A weasel, Slimy, is shown watching the documentary. He goes with two other weasels, Flasher and Ragtag, to find the original cel of Doom. They manipulate some animators to bring Doom back to life. With time, Doom remembers everything that happened to him, and now wants revenge against both Eddie Valiant and Roger Rabbit for ruining his plans.

Meanwhile, Eddie Valiant is called by C.B. Maroon, the late R.K. Maroon’s brother and new executive of Maroon Cartoons, who announces they are reopening the studio, and pays Valiant $500 to run a search on the background of Roger Rabbit. Valiant finds Roger's records clean as a whistle.

Meanwhile, Roger and Jessica Rabbit are enjoying life at home as much as possible, despite Roger's unemployment following the closing of Maroon Cartoon Studios. Roger gets a call from Maroon Cartoons, saying they are reopening the studio, and that they want Roger to come work for them. Roger accepts the offer, and the next day, Roger meets C.B. Maroon, who starts Roger off with a very low-budget film (depicted in a Hanna-Barbera-esque style). Roger angrily objects to his part in the film, and is fired ("Get me that other rabbit with the tiger for a buddy!").

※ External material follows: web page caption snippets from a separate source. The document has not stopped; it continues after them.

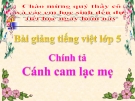 Bài giảng Tiếng việt 5 tuần 20 bài: Cánh cam lạc mẹ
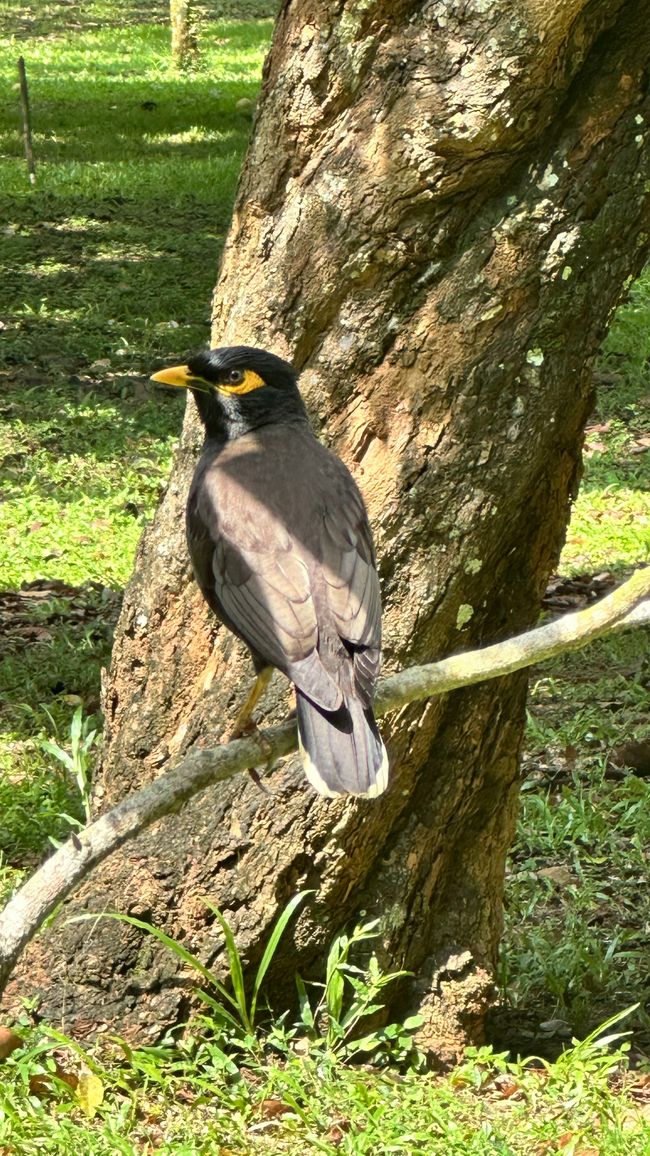 Königlich Botanischer Garten Peradeniya
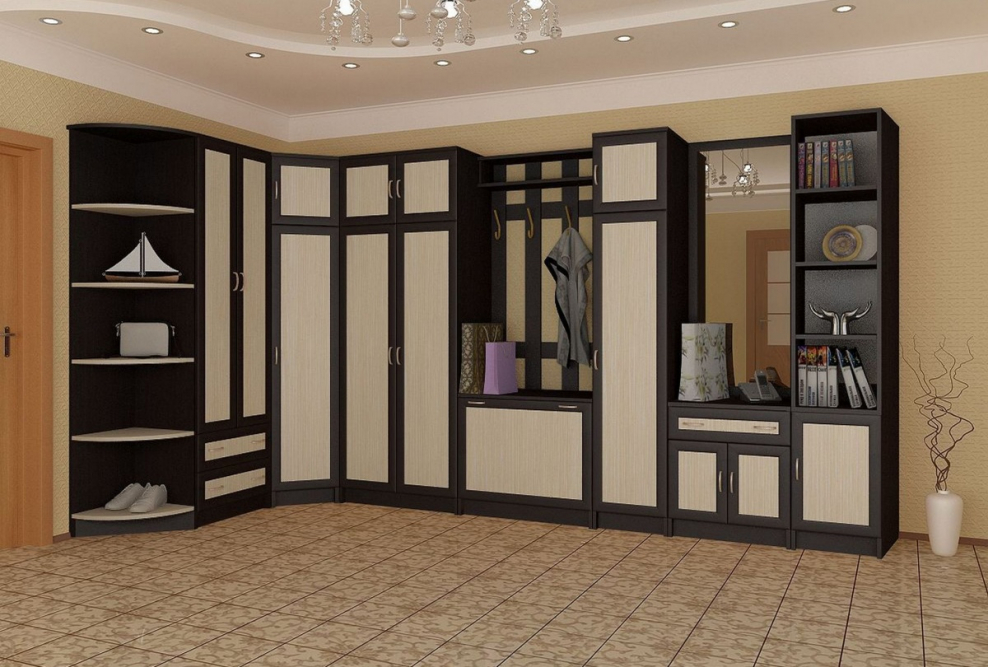 Шкаф-купе Элит-47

The next day, Roger finds dozens of scandalous, untrue headlines centered on himself. He turns to Valiant to find out why this is happening. Valiant first meets with C.B. Maroon, and questions him about firing Roger. Maroon reveals himself as Doom, tells his plan to ruin Roger's reputation and then kill him. He and the weasels knock Valiant out and lock him up in a storage locker, where Valiant meets the real C.B. Maroon. Doom, as C.B. Maroon, puts Maroon Studios up for auction, and the studio will be officially sold at noon.

Meanwhile, Roger and Jessica are about to leave for Simi Valley, but first go to Valiant's office to say goodbye, only to find the office ransacked. Jessica finds indentations of the address Valiant wrote on the last piece of paper he used. Rushing to the address, they find and rescue Eddie Valiant and C.B. Maroon. They leave to save Maroon Studios. Valiant sprays him and his weasels with the Dip-filled gag squirt gun, and before dissolving, "Maroon" reveals himself to be Doom.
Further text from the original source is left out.